Court of Appeals of Ohio, Sixth District, Wood County
Jul 20, 2001
Nos. WD-00-050, WD-00-062 Trial Court No. 99-CR-156 (Ohio Ct. App. Jul. 20, 2001)

Opinion

Nos. WD-00-050, WD-00-062 Trial Court No. 99-CR-156.

Decided July 20, 2001.

Alan R. Mayberry, prosecuting attorney, and Jacqueline M. Kirian, for appellee.

Jeffrey P. Nunnari, for appellant.


DECISION AND JUDGMENT ENTRY


This is a consolidated appeal from: 1) the conviction of Francisco J. Ramirez for trafficking in marijuana, a violation of R.C. 2925.03, and the sentence ordered by the Wood County Court of Common Pleas for Ramirez's conviction; and 2) a denial by the Wood County Court of Common Pleas of a motion for a new trial filed by Ramirez following his initial appeal to this court (the motion for new trial was considered by the trial court following a remand order from this court). Because we find the evidence presented against Ramirez was insufficient as a matter of law to support a conviction for trafficking in marijuana, we vacate his conviction and sentencing and find the ruling on the motion for new trial is moot.

Undisputed testimony presented at Ramirez's jury trial shows that a twenty-eight year old man living in Rudolph, Ohio who was involved in trafficking illegal drugs, approached agents assigned to a drug enforcement task force in 1998 and asked for protection for himself and his family because he believed his life was in danger. The agents offered him the desired protection in exchange for his work as an informant. At first, he refused the deal, but after the agents got a search warrant and found evidence on his property that would implicate him in conspiracy for drug offenses, he agreed to serve as an informant in exchange for no charges being filed against him. Eventually, he became a paid informant.

While working as a paid informant, the young man made and received some phone calls at his home, which he recorded on tape. Included in those taped phone calls, starting in October 1998, were several conversations with Ramirez's brother, Saul Ramirez ("Saul"). Saul agreed to supply the paid informant with one hundred pounds of marijuana. The paid informant and the agents working with him sent $3,000 to Saul via Western Union in October 1998, after Saul said he would need the money to cover the cost of transporting the marijuana from Texas, where Saul lived, to the paid informant in Ohio.

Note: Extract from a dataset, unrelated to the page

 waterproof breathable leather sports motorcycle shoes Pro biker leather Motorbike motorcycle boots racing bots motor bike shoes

Nothing more happened for a time, and then Saul called the paid informant and orchestrated a meeting between the paid informant and an individual named Cesar in Lansing, Michigan on June 25, 1999. On that date, the paid informant, accompanied by agents assigned to the Drug Enforcement Agency task force in Toledo, Ohio, traveled to Lansing, Michigan, met Cesar, who was by himself, and received from Cesar four bundles (some wrapped in T-shirts and some wrapped in garbage bags) full of marijuana. Even though more money was owed for the marijuana according to the deal reached between the paid informant and Saul in their taped phone conversations ($800 per pound was the agreed price), no money was paid to Cesar at the time he delivered the drugs.

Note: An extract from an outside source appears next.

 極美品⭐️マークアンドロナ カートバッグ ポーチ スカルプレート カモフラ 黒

In early July, the paid informant was contacted by an individual named Israel Ramirez ("Israel"), who told the paid informant to send partial payment for the marijuana to Israel in Pontiac, Illinois. In response, the paid informant and the drug enforcement agents sent $925 to Israel in Pontiac, Illinois via Western Union.

The paid informant was again contacted by telephone by the individuals in Texas with whom he had been dealing. The informant was told he needed to make final payment for the marijuana he had already received in Lansing, Michigan in June 1999. The paid informant made arrangements for a meeting at the Day's Inn in Perrysburg, Ohio on July 20, 1999.

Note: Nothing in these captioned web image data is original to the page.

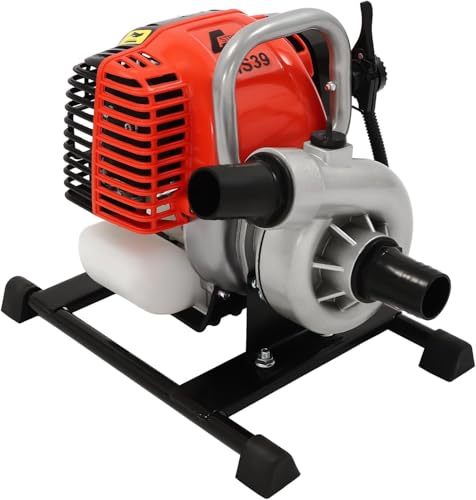 Gas Water Pump 1.5 Inch 4 Stroke,31cc Gas Powered High Pressure Pump 98ft Lift And 23ft Suction,Trash Water Pump Irrigation Pump For Farmland Garden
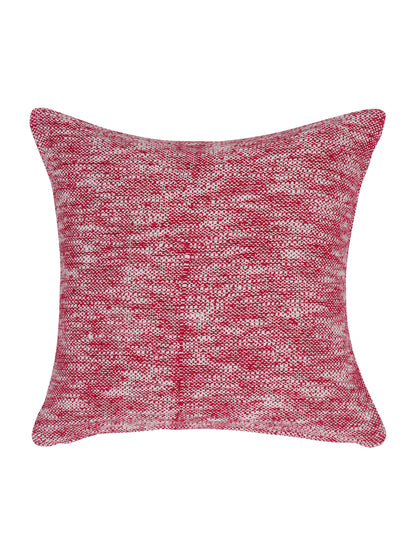 Eyda Fuchia Cotton Solid Cushion Cover Set of 2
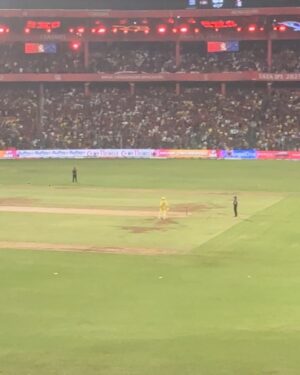 Riya Verma Instagram - What a Match🔥 Best experience of my life🔥 Namma Bengaluru thank you so much for having me♥️ CSK it was a great match from you guys as well♥️ 
#rcbvscsk #RCB #virat #viratkohli #bachu #ipl #ipl2025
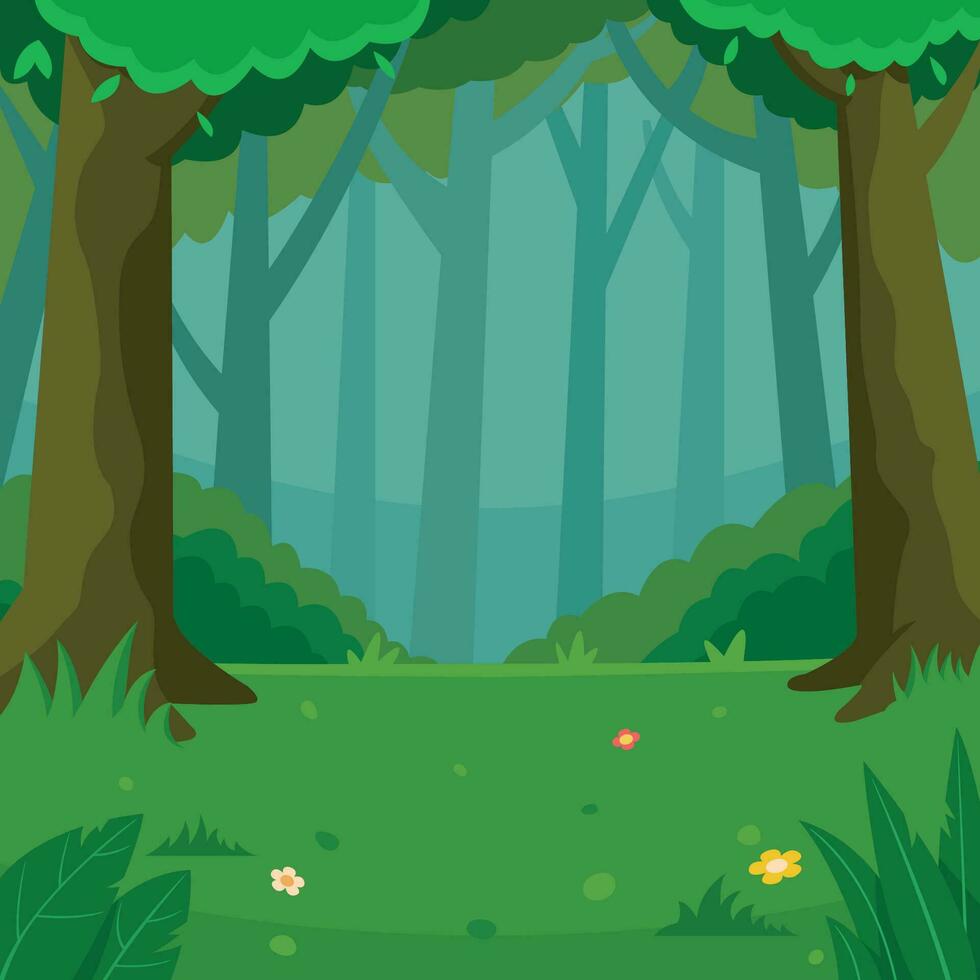 Blank Field On The Forest vector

On July 20, 1999, the paid informant, along with an undercover police officer, went to a room at the Day's Inn in Perrysburg, Ohio. In an adjoining room, other agents working for the drug enforcement task force in Ohio set up surveillance of the room where the paid informant and undercover police officer waited. The surveillance included video recording equipment. The camera for the video recording equipment was located in a radio clock placed in the room with the paid informant and undercover police officer.

The paid informant received a telephone call from Israel, who said his brother was on his way to the hotel to pick up the money. Ramirez arrived at the Day's Inn, parked the van he was driving approximately twenty feet away from the door to the room where the paid informant and undercover police officer waited, and went to the door of the room. Ramirez's wife and two small children (both aged two or under) waited in the van.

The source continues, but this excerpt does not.